On 5/29/20 3:03 PM, Michal Suchánek wrote:
Adding Jan
On Fri, May 29, 2020 at 11:11:39AM +0530, Aneesh Kumar K.V wrote:
With POWER10, architecture is adding new pmem flush and sync instructions.
The kernel should prevent the usage of MAP_SYNC if applications are not using
the new instructions on newer hardware.
This patch adds a prctl option MAP_SYNC_ENABLE that can be used to enable
the usage of MAP_SYNC. The kernel config option is added to allow the user
to control whether MAP_SYNC should be enabled by default or not.
Signed-off-by: Aneesh Kumar K.V <aneesh.ku...@linux.ibm.com>
...
diff --git a/kernel/fork.c b/kernel/fork.c
index 8c700f881d92..d5a9a363e81e 100644
--- a/kernel/fork.c
+++ b/kernel/fork.c
@@ -963,6 +963,12 @@ __cacheline_aligned_in_smp DEFINE_SPINLOCK(mmlist_lock);
static unsigned long default_dump_filter = MMF_DUMP_FILTER_DEFAULT;
+#ifdef CONFIG_ARCH_MAP_SYNC_DISABLE
+unsigned long default_map_sync_mask = MMF_DISABLE_MAP_SYNC_MASK;
+#else
+unsigned long default_map_sync_mask = 0;
+#endif
+
I'm not sure CONFIG is really the right approach here. For a distro that would
basically mean to disable MAP_SYNC for all PPC kernels unless application
explicitly uses the right prctl. Shouldn't we rather initialize
default_map_sync_mask on boot based on whether the CPU we run on requires
new flush instructions or not? Otherwise the patch looks sensible.

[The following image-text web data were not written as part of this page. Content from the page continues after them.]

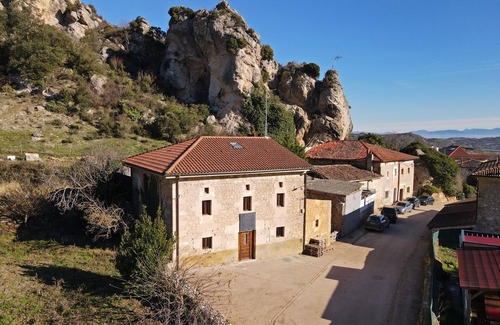 Bozoo Cottage | Casa Rural "LA Caprichosa DE Alcor". 4 Estrellas en la Falda de Montes Obarenes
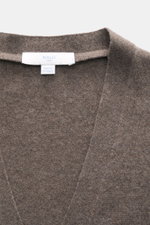 Nahaufnahme des Malo Cashmere Cardigan graubraun meliert, fotografiert von oben, zeigt weiches Cashmere, V-Ausschnitt und feines Strickbild.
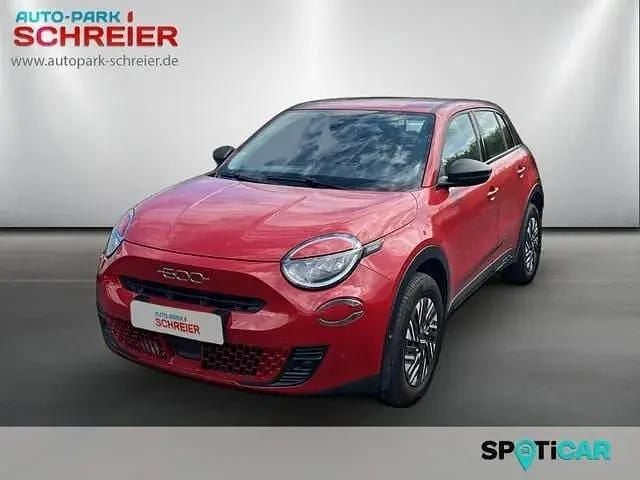 Rot Gebraucht 2024 Fiat 600 SUV | 22.992 € (Guter Preis) - Bild 1/4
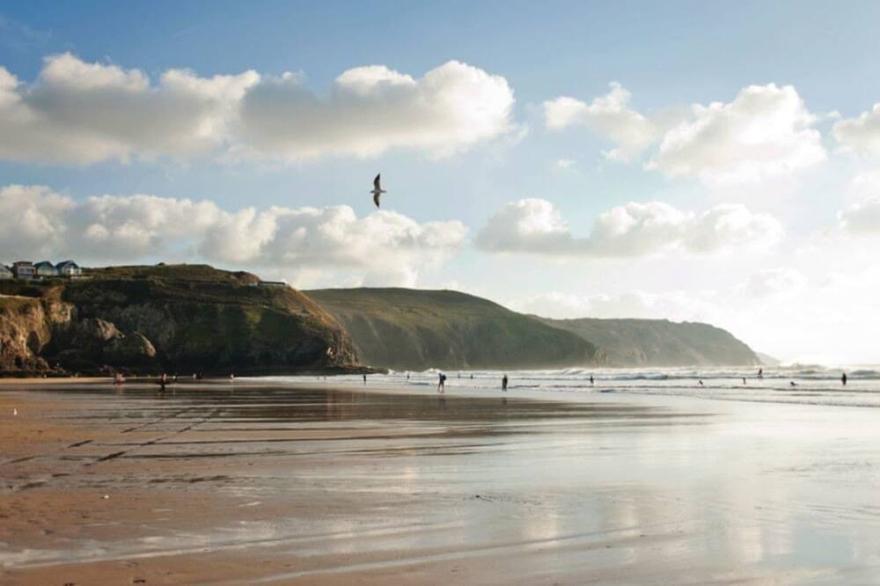 2 bedroom accommodation in Perranporth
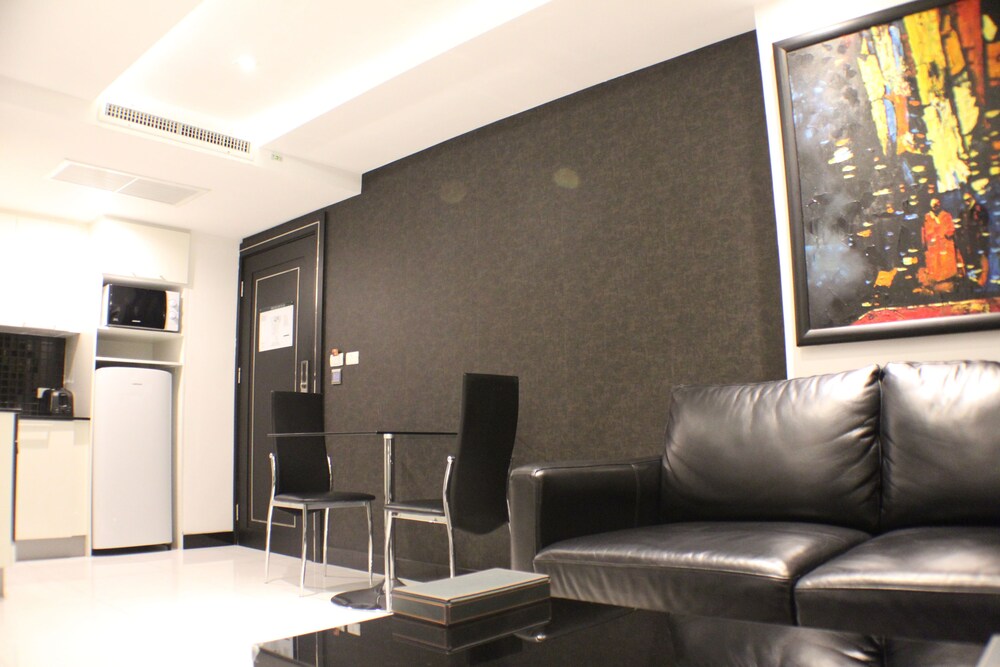 Family Suite, 2 Bedrooms - Living Room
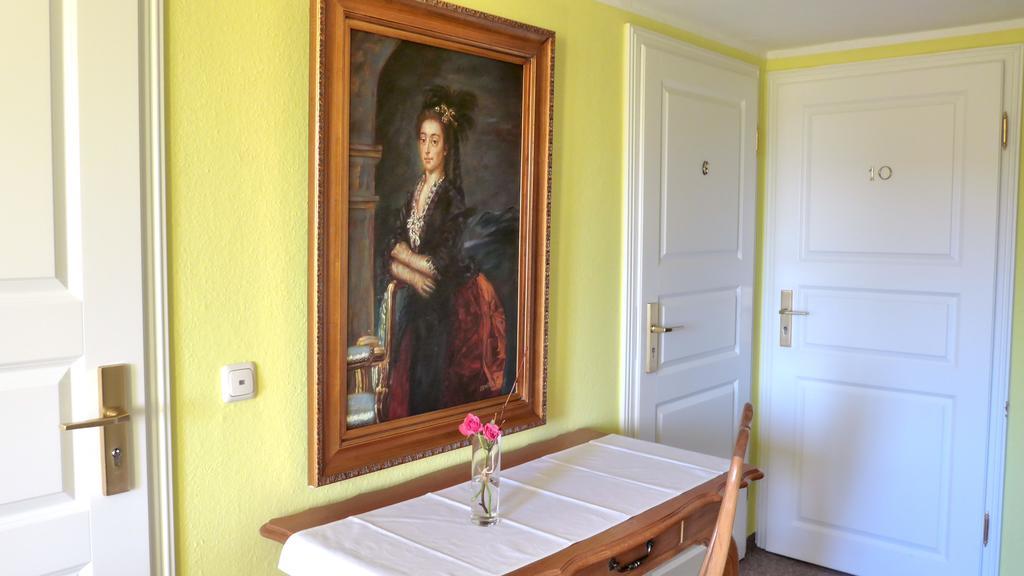 Romantisches Hotel Zur Traube Schwerin Schwerin  Dış mekan fotoğraf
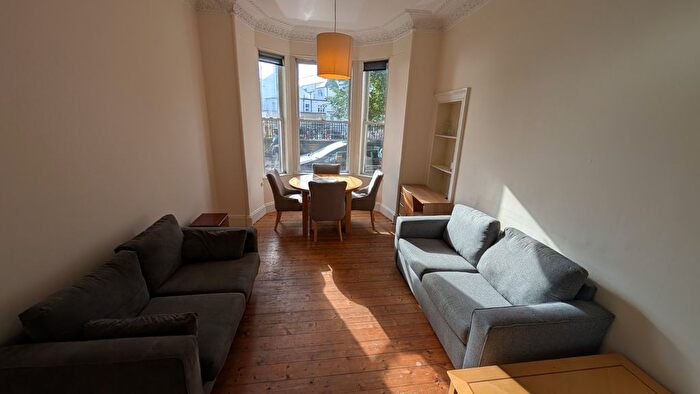3 Bedroom Flat To Rent In Links Gardens, Edinburgh, EH6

yes that is correct. We ideally want to deny MAP_SYNC only w.r.t
POWER10. But on a virtualized platform there is no easy way to detect
that. We could ideally hook this into the nvdimm driver where we look at
the new compat string ibm,persistent-memory-v2 and then disable MAP_SYNC
if we find a device with the specific value.
BTW with the recent changes I posted for the nvdimm driver, older kernel
won't initialize persistent memory device on newer hardware. Newer
hardware will present the device to OS with a different device tree
compat string.
My expectation w.r.t this patch was, Distro would want to mark
CONFIG_ARCH_MAP_SYNC_DISABLE=n based on the different application
certification. Otherwise application will have to end up calling the
prctl(MMF_DISABLE_MAP_SYNC, 0) any way. If that is the case, should this
be dependent on P10?
With that I am wondering should we even have this patch? Can we expect
userspace get updated to use new instruction?.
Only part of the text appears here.